Hormis le pouvoir d’achat, la réticence des mamans est motivée par la préférence du fait maison. «Au Maroc, les femmes, même si elles sont actives, et donc manquent de temps, tiennent à préparer les aliments elles-mêmes et à partir de fruits et légumes frais», explique Philippe Karim Charrot, patron d’Agro Food qui tient à préciser que sa production est faite à base de produits de l’agriculture bio sous contrats avec des producteurs locaux pour certains produits ou bien importés de l’étranger. Cette société produit 21 600 pots de compote et de 56 000 pots de plats préparés par heure dans ses deux usines. Vu l’étroitesse du marché domestique, elle exporte 90% de sa production vers 24 pays européens, africains et du Moyen-Orient.

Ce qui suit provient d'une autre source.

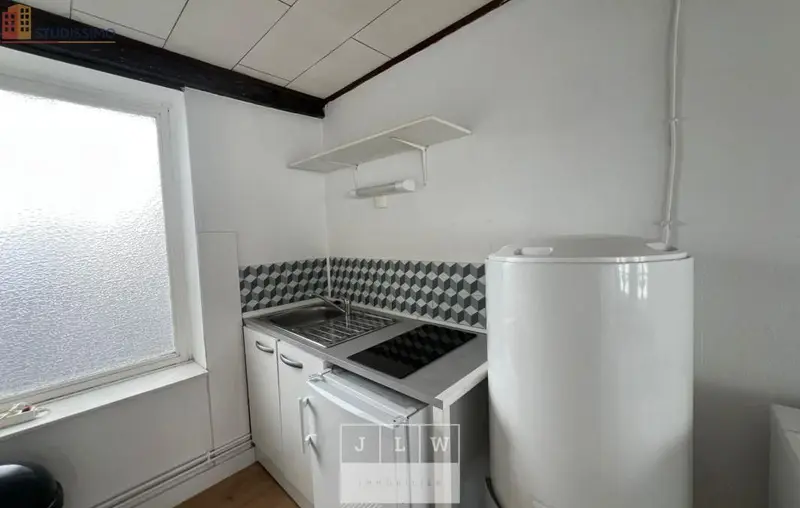 Studio 26m² Lille 59000 - Photo 7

Fruits et légumes bio pour stimuler la consommation

Les compotes sont faites à partir de pommes, pêches, poires, fraises, bananes et abricots. Les plats sont à base de carottes, pommes de terre, riz, viande de bœuf, de volaille et poissons (saumon et colin proche du merlan). Vu la spécificité et la sensibilité des consommateurs, donc les bébés, Agro Food a obtenu la certification ISO 22000 version 6 et joue la carte de la diversification pour stimuler la demande locale. Elle a ainsi mis sur le marché des boissons à base de grenadine, en plus de la farine enrichie en zinc, en iode, en fer et en magnésium commercialisée depuis septembre dernier.

Concernant les perspectives de développement du marché, les professionnels pensent que le passage de la distribution du lait infantile vers les GMS, comme c’est le cas en Europe, interviendra également au Maroc au cours des prochaines années. Ce qui permettra peut-être, étant donné que le prix est plus bas qu’en pharmacie, de démocratiser la consommation. En revanche, un coup de pouce pourrait être donné à la consommation des plats et desserts en pot via des campagnes de sensibilisation, mettant en avant l’utilisation des fruits et légumes bio.